This section is from "The Horticulturist, And Journal Of Rural Art And Rural Taste", by P. Barry, A. J. Downing, J. Jay Smith, Peter B. Mead, F. W. Woodward, Henry T. Williams. Also available from Amazon: Horticulturist and Journal of Rural Art and Rural Taste.
When Flora has once smitten the heart of man at any period of his life, especially in his youth, and the force of circumstances carries him from those higher orders of her gorgeous attractions - when he has to bid adieu to those splendid temples at whose altar he has oft worshipped and contributed his mite, it is not time that can efface from the heart or the memory, the beautiful forms that have been presented at the shrine of the "fair god-dess".
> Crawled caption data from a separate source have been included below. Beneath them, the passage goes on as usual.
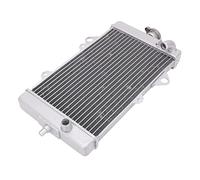 BTFWM Dispositivo di raffreddamento del serbatoio dell'acqua radiatore motociclo, for, YFM700 YFM 700 2013-2020 Radiatore per moto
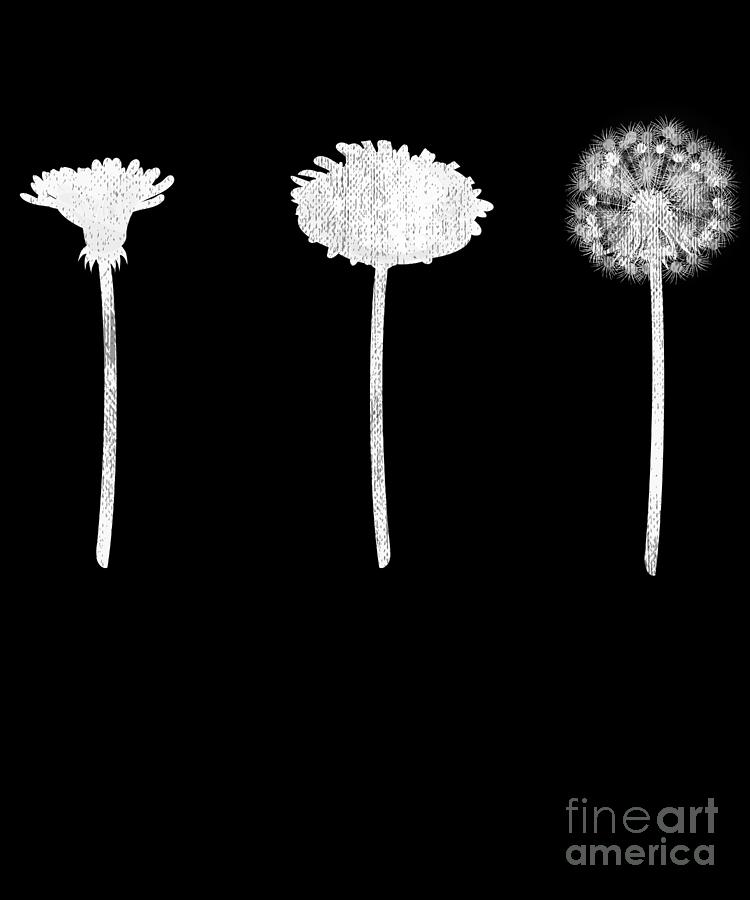 Evolution of Dandelion Seeds Biology Garden Gift Digital Art by Justus ...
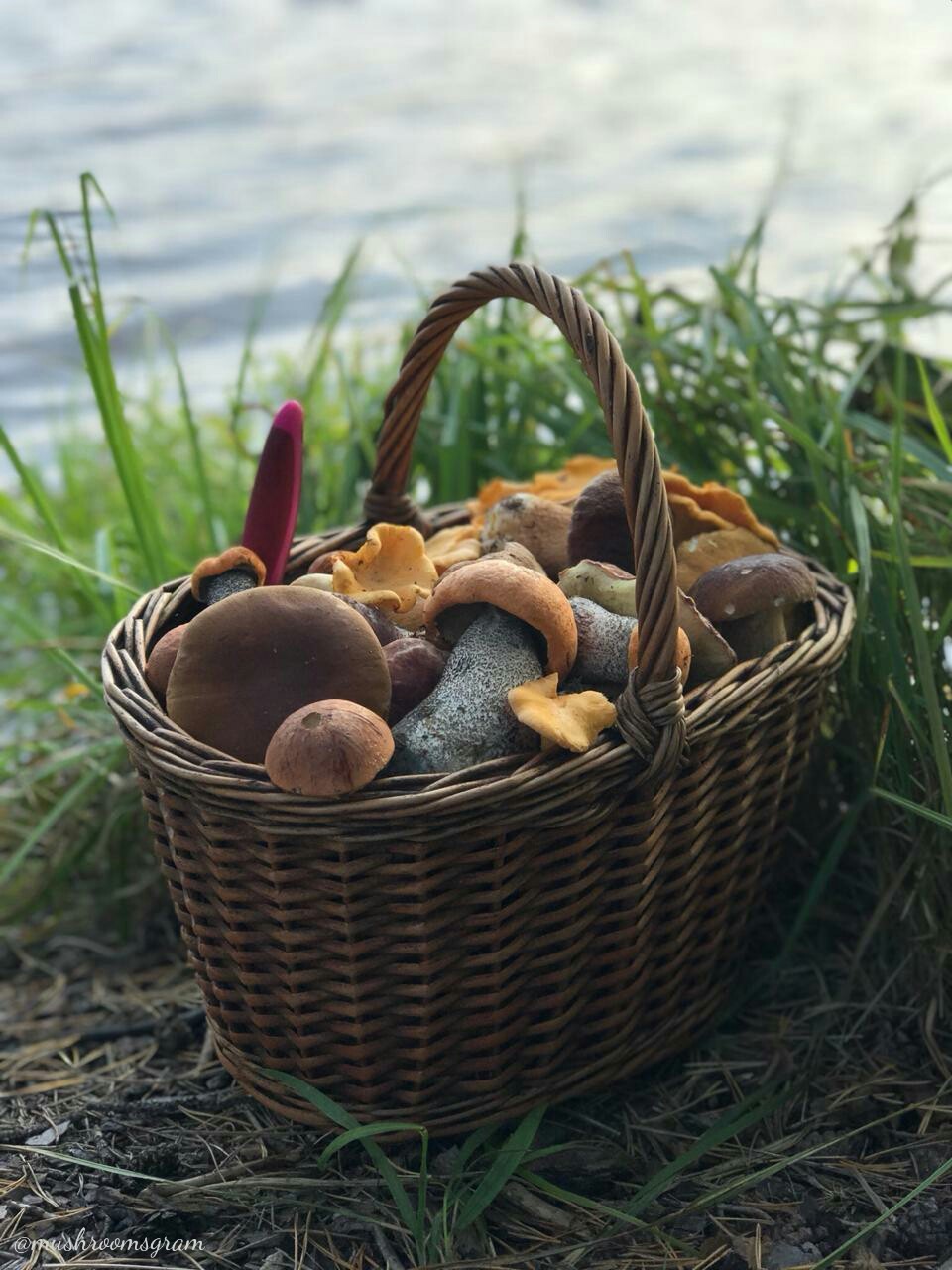 In my favorite forest - My, Mushrooms, Forest, Boletus, Porcini, Boletus, Chanterelles, Silent hunt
No, not time, we say, for years may roll on - the physical system may droop, but the memory, ever fresh and green, revels in the reminiscences of the past, and the lovely forms spring into ideal life before him, and his heart gladdens at the appearance of some beauty long lost to his vision.
Thus we see before us the beautiful Luculia; and with all thy age, we "love thee still," Luculia gratissima!
Being suddenly aroused from this ideality with all the vivid splendor of this plant on our mind, we propose telling our amateur friends something about it; and giving our florists a hint in reference to its good qualifications as an attractive, ready-selling plant. Those unacquainted with this plant will be most likely to inquire, what is it like? Do you know the old and much esteemed "Hydrangea Hortensis? Yes. Well, it resembles that plant very much, with this exception: the texture of the foliage being much finer, and the color a lighter green; the large heads of flowers being of a lovely rose color, and highly fragrant.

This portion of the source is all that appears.